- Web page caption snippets
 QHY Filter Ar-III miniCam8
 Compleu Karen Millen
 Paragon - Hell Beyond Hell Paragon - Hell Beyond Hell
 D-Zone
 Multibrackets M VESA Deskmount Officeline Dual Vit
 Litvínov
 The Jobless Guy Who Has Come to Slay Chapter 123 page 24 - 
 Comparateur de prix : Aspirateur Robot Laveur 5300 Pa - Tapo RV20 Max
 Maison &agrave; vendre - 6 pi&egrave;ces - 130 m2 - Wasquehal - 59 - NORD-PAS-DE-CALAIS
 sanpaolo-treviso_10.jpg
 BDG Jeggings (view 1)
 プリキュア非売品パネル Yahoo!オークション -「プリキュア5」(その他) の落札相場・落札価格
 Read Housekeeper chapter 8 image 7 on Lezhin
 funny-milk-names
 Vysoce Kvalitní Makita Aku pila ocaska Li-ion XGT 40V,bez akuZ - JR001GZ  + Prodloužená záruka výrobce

- Assigned task
Type the entries out again so that they match exactly.

- Your response
 QHY Filter Ar-III miniCam8
 Compleu Karen Millen
 Paragon - Hell Beyond Hell Paragon - Hell Beyond Hell
 D-Zone
 Multibrackets M VESA Deskmount Officeline Dual Vit
 Litvínov
 The Jobless Guy Who Has Come to Slay Chapter 123 page 24 - 
 Comparateur de prix : Aspirateur Robot Laveur 5300 Pa - Tapo RV20 Max
 Maison &agrave; vendre - 6 pi&egrave;ces - 130 m2 - Wasquehal - 59 - NORD-PAS-DE-CALAIS
 sanpaolo-treviso_10.jpg
 BDG Jeggings (view 1)
 プリキュア非売品パネル Yahoo!オークション -「プリキュア5」(その他) の落札相場・落札価格
 Read Housekeeper chapter 8 image 7 on Lezhin
 funny-milk-names
 Vysoce Kvalitní Makita Aku pila ocaska Li-ion XGT 40V,bez akuZ - JR001GZ  + Prodloužená záruka výrobce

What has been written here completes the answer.